BEGIN SOURCE DATA
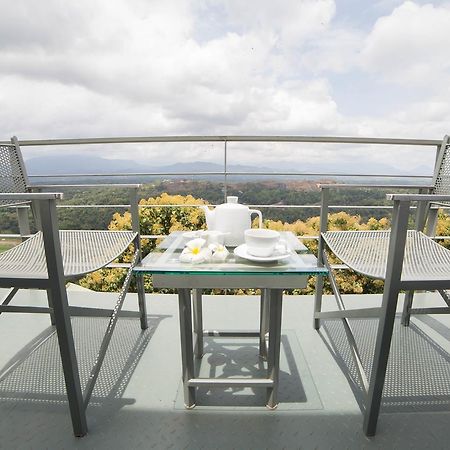 Villa Sky Pavilion à Kandy Extérieur photo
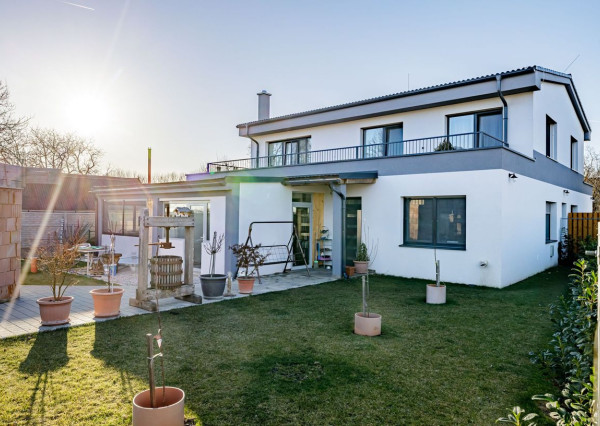 AKCIA!!! PREDAJ- MODERNÝ- 4-IZBOVÝ- BYT-105m2- ŠAMORÍN- BÁČ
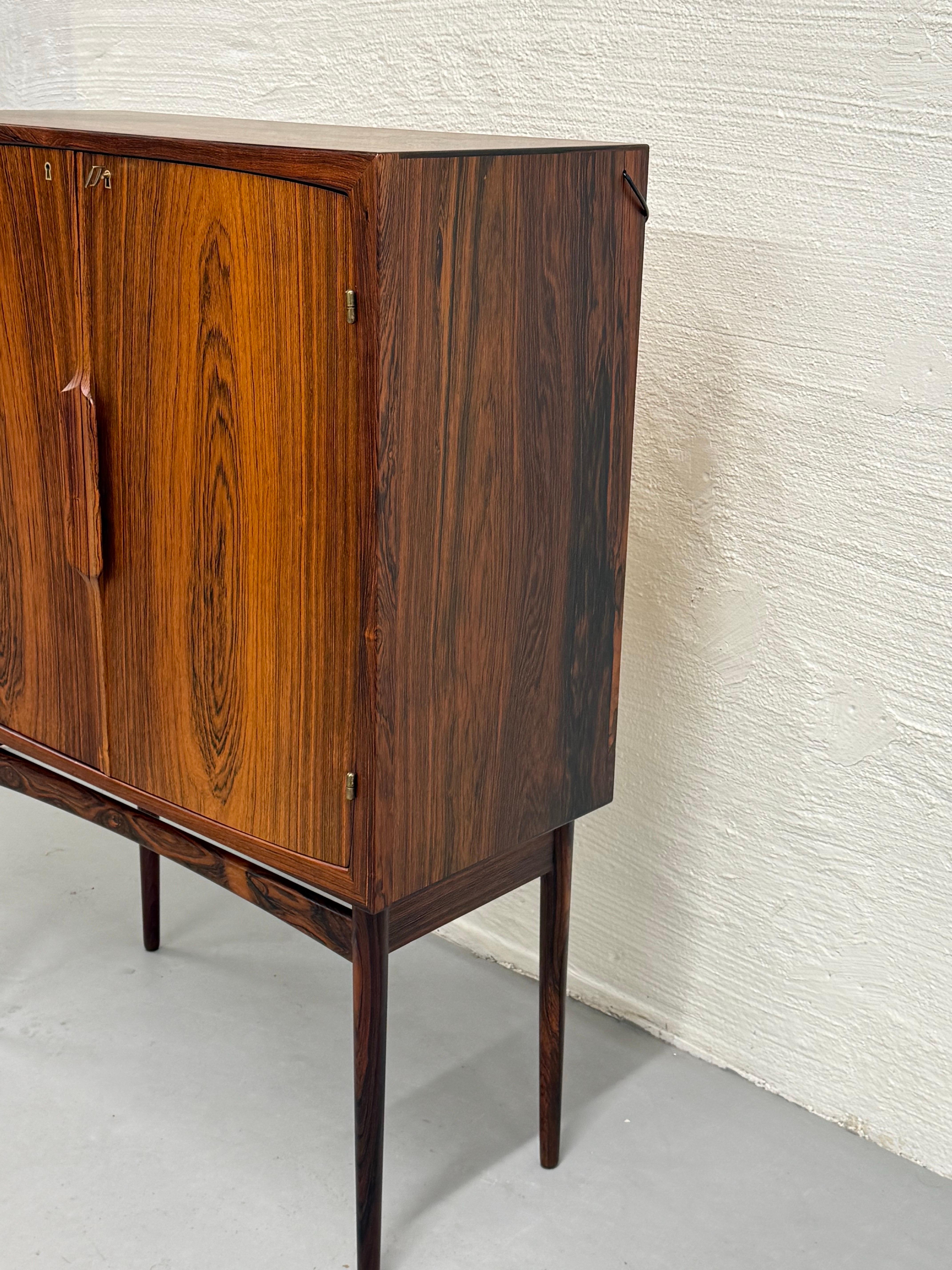 Cabinet da bar in palissandro di Torbjørn Afdal, Norvegia 1960 10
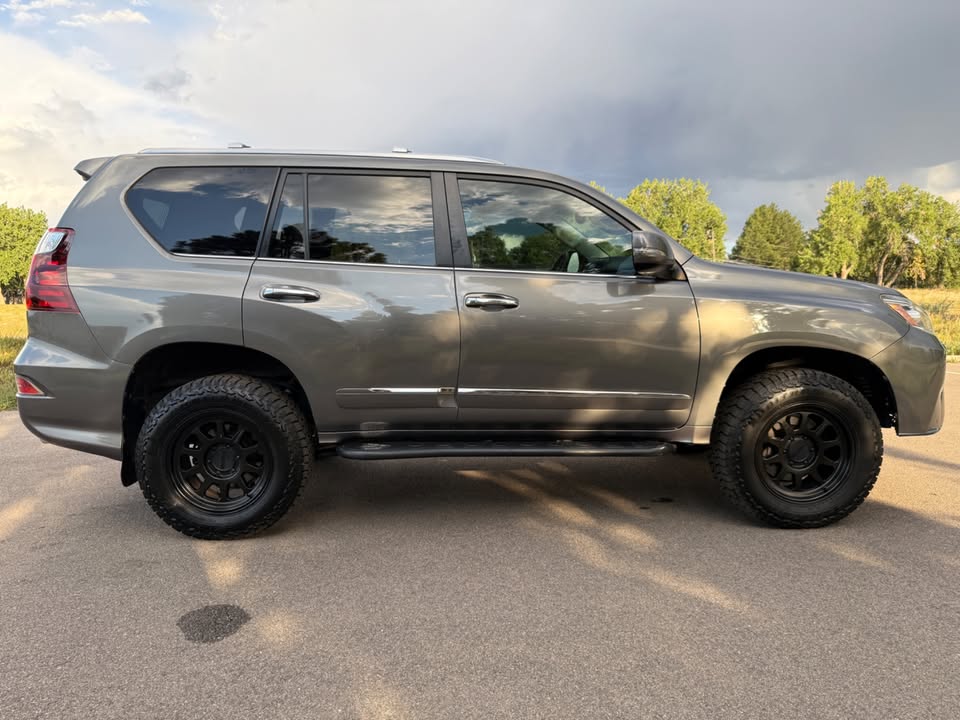 2014 Lexus GX460 (photo 2) — photo 2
END SOURCE DATA
▶ **WHAT THE TASK REQUIRES**:
Hand back the data above exactly, leaving out all pictures.

▶ **FINISHED TASK**:
 Villa Sky Pavilion à Kandy Extérieur photo
 AKCIA!!! PREDAJ- MODERNÝ- 4-IZBOVÝ- BYT-105m2- ŠAMORÍN- BÁČ
 Cabinet da bar in palissandro di Torbjørn Afdal, Norvegia 1960 10
 2014 Lexus GX460 (photo 2) — photo 2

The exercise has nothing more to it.